[EXERCISE AIM]
What you return must match the listing exactly, with every image removed.

GIVEN MATERIAL section start

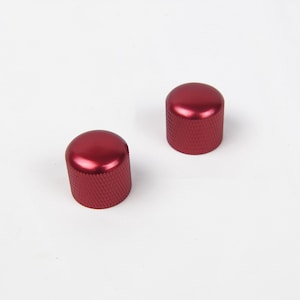 Puede incluir: Dos pomos de metal rojo con una superficie texturizada.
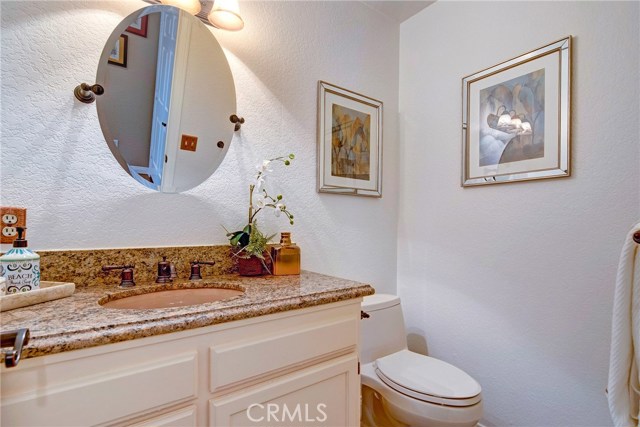 Downstairs powder room with granite counters for guests.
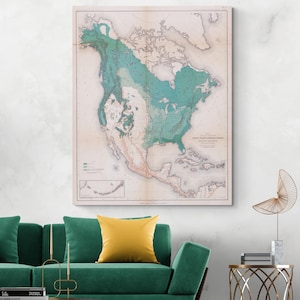 Op de afbeelding: Een vintage kaart van Noord-Amerika, met tinten turquoise en beige. De kaart toont geografische kenmerken en is ingelijst, klaar om op te hangen. De titel is zichtbaar in de rechter benedenhoek.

GIVEN MATERIAL section end

[WORKED SOLUTION]
 Puede incluir: Dos pomos de metal rojo con una superficie texturizada.
 Downstairs powder room with granite counters for guests.
 Op de afbeelding: Een vintage kaart van Noord-Amerika, met tinten turquoise en beige. De kaart toont geografische kenmerken en is ingelijst, klaar om op te hangen. De titel is zichtbaar in de rechter benedenhoek.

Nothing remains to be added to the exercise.